Directions for this task
All lines after the one containing "Grace Colour Block", together with that line itself, should be written out exactly, down to the last line of the entries below.

====== Materials provided ======

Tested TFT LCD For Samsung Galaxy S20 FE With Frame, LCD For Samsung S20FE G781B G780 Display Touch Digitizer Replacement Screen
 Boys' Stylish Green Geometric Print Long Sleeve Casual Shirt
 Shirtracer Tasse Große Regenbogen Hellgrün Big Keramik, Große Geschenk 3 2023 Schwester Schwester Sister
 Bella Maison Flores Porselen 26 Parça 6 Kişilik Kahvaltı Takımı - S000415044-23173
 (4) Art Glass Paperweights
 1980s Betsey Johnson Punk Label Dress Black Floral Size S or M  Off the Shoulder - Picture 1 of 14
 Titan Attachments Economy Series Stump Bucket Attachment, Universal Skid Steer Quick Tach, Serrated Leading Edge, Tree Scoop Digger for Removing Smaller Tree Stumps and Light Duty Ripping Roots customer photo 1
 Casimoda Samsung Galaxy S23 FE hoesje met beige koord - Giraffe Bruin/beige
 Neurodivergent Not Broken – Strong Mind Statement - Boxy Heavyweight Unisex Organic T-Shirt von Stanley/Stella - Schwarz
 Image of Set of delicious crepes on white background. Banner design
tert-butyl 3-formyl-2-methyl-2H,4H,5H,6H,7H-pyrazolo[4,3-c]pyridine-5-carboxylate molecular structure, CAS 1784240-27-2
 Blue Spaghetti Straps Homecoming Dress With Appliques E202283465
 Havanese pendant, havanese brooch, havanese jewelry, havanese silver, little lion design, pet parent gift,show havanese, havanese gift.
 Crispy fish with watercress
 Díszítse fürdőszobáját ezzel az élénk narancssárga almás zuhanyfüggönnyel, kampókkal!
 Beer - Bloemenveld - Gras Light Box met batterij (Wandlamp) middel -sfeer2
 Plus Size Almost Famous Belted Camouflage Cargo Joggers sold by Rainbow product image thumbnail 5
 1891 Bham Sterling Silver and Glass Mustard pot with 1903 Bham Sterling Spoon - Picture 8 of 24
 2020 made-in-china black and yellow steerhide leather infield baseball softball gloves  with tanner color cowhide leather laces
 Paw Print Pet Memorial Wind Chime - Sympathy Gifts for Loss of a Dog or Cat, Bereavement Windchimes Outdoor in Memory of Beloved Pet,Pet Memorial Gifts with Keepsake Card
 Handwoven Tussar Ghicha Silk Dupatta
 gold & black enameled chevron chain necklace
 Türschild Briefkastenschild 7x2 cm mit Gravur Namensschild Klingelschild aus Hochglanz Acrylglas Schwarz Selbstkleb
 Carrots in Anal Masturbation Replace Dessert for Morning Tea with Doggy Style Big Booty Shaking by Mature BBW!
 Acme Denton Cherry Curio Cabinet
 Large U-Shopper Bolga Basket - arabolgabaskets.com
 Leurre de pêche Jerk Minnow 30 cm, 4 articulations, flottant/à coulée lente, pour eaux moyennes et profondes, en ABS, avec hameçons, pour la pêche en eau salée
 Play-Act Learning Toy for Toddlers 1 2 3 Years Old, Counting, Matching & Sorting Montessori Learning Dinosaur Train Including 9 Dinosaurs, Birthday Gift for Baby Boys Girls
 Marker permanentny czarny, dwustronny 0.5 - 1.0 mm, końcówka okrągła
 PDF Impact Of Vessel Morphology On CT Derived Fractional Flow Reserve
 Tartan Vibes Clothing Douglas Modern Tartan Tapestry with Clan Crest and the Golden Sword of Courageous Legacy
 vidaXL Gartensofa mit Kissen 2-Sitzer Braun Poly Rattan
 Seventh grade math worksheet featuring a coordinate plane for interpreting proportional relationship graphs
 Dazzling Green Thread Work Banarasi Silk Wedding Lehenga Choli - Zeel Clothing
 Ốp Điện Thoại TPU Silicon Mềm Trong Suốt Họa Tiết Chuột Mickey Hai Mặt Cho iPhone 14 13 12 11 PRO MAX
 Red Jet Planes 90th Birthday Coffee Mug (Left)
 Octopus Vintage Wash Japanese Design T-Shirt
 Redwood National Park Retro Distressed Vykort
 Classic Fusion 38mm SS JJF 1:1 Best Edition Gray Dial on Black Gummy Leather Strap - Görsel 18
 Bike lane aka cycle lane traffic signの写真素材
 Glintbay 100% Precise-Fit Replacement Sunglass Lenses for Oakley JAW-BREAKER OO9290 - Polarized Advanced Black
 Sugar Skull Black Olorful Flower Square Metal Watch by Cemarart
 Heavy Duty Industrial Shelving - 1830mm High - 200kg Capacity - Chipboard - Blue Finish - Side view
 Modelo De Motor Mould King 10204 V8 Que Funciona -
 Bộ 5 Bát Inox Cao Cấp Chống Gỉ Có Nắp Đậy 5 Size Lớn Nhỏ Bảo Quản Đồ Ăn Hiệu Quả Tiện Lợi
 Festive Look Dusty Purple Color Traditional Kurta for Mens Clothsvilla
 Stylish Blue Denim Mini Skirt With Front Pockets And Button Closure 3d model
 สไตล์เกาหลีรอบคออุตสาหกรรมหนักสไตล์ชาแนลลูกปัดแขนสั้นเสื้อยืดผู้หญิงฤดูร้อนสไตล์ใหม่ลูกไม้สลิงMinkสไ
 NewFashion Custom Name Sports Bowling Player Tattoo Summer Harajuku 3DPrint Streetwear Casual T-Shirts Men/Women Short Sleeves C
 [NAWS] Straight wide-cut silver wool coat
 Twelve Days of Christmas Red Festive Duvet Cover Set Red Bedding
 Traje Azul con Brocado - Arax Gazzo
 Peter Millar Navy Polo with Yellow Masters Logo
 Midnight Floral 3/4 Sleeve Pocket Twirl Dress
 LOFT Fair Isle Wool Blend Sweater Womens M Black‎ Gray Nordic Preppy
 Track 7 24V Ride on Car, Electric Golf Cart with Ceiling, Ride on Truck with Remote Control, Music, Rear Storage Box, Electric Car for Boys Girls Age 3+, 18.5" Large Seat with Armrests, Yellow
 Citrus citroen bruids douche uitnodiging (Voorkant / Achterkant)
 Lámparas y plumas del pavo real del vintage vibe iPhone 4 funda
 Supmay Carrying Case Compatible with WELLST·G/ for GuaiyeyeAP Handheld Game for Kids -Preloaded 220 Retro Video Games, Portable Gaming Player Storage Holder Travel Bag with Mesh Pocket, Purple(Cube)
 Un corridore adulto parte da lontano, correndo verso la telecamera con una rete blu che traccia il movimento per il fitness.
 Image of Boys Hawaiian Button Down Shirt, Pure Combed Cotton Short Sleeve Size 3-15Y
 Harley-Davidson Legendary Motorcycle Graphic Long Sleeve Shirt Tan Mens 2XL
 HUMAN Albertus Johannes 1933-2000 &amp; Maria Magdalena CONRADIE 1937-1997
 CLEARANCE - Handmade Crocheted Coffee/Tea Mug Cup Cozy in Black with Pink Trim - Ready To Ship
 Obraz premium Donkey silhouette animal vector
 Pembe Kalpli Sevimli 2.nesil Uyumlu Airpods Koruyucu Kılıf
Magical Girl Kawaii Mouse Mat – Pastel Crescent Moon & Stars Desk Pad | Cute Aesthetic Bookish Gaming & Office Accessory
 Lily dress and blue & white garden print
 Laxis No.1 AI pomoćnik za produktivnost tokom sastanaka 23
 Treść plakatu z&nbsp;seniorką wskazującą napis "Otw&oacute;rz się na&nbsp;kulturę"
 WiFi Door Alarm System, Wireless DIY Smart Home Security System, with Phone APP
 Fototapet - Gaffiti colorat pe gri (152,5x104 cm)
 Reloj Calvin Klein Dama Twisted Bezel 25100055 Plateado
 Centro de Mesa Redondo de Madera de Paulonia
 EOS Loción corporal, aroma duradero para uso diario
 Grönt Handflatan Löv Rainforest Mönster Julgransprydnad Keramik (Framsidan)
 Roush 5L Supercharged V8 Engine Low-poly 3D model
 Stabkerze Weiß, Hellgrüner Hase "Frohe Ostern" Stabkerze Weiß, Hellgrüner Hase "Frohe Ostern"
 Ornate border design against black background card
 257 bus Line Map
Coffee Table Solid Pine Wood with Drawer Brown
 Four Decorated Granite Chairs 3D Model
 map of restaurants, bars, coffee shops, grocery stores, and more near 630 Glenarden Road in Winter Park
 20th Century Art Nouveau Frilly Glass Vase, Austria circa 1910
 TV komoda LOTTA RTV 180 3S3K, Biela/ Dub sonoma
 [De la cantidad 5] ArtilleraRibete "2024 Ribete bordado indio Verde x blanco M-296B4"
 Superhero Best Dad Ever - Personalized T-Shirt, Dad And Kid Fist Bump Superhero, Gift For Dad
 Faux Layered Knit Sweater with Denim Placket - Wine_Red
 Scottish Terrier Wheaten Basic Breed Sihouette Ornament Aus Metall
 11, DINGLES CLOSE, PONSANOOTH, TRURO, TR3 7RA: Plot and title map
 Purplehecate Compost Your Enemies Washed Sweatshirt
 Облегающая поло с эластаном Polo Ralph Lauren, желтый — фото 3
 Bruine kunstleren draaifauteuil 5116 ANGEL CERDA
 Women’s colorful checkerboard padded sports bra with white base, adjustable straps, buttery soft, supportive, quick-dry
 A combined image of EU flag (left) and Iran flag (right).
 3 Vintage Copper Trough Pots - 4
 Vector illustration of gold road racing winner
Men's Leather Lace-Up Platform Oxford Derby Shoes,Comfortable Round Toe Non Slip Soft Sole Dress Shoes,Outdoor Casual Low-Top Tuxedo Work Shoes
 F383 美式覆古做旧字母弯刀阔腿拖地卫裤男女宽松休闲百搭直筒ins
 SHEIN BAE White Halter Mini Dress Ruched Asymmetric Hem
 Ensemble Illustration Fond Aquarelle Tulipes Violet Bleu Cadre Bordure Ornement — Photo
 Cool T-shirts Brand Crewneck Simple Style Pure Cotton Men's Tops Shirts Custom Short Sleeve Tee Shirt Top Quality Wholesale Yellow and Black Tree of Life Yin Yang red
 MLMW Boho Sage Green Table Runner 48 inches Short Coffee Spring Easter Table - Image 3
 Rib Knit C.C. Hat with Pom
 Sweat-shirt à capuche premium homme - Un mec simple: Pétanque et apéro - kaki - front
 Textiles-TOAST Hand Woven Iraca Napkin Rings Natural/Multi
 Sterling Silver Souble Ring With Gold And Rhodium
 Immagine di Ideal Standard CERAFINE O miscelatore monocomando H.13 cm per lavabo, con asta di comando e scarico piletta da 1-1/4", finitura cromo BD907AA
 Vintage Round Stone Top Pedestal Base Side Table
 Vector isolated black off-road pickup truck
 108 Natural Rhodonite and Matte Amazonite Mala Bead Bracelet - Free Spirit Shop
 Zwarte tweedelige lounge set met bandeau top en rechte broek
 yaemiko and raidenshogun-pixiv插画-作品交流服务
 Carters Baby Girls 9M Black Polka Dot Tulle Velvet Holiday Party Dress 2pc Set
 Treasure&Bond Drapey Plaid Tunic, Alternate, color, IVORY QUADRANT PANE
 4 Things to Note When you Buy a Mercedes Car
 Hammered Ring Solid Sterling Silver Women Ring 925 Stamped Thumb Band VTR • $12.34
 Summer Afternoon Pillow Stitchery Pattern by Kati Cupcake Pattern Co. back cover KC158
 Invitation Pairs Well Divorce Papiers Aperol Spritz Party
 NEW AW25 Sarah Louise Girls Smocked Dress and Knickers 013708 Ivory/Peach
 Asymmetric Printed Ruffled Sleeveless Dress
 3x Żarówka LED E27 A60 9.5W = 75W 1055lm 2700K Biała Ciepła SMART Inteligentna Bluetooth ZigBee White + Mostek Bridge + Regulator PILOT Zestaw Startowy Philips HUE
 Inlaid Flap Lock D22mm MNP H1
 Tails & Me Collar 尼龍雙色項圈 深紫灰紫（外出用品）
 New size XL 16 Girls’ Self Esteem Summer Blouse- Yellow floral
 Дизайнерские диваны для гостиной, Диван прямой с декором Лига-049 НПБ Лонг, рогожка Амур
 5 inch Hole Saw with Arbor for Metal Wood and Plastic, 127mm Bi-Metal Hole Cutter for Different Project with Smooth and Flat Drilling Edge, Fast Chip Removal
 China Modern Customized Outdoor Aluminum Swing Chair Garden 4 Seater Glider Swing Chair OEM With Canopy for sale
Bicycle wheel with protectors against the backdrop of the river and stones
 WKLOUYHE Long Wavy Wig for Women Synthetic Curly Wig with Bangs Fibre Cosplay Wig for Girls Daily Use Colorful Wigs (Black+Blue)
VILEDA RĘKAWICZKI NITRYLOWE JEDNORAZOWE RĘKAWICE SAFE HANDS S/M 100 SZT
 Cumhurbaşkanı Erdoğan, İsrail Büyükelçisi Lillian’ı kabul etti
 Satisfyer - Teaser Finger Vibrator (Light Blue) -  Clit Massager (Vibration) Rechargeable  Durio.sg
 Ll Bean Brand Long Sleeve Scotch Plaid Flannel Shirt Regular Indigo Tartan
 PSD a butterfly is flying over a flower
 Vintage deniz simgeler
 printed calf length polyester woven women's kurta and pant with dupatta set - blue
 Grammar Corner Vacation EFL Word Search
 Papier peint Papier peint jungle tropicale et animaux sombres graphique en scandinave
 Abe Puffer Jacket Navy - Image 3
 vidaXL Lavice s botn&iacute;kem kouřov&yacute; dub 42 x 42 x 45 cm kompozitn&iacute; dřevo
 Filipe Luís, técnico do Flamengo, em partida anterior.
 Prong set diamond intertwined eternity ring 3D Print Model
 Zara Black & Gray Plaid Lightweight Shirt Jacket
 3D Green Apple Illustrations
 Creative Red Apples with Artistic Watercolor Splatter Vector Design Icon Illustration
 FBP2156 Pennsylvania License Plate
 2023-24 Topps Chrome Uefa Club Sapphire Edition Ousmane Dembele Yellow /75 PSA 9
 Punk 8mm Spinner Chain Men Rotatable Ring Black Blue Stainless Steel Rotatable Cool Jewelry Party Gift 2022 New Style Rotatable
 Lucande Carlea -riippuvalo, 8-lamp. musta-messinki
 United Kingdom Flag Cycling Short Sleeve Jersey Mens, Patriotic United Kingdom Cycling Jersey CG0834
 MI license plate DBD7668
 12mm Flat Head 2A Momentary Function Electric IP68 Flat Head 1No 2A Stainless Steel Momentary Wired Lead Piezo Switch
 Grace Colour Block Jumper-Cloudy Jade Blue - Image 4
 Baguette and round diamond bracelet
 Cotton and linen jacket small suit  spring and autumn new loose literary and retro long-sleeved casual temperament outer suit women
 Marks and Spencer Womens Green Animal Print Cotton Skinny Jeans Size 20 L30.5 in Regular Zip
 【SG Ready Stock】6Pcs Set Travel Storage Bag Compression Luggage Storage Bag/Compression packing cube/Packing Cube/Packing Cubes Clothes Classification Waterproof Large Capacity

======

Result below
 Grace Colour Block Jumper-Cloudy Jade Blue - Image 4
 Baguette and round diamond bracelet
 Cotton and linen jacket small suit  spring and autumn new loose literary and retro long-sleeved casual temperament outer suit women
 Marks and Spencer Womens Green Animal Print Cotton Skinny Jeans Size 20 L30.5 in Regular Zip
 【SG Ready Stock】6Pcs Set Travel Storage Bag Compression Luggage Storage Bag/Compression packing cube/Packing Cube/Packing Cubes Clothes Classification Waterproof Large Capacity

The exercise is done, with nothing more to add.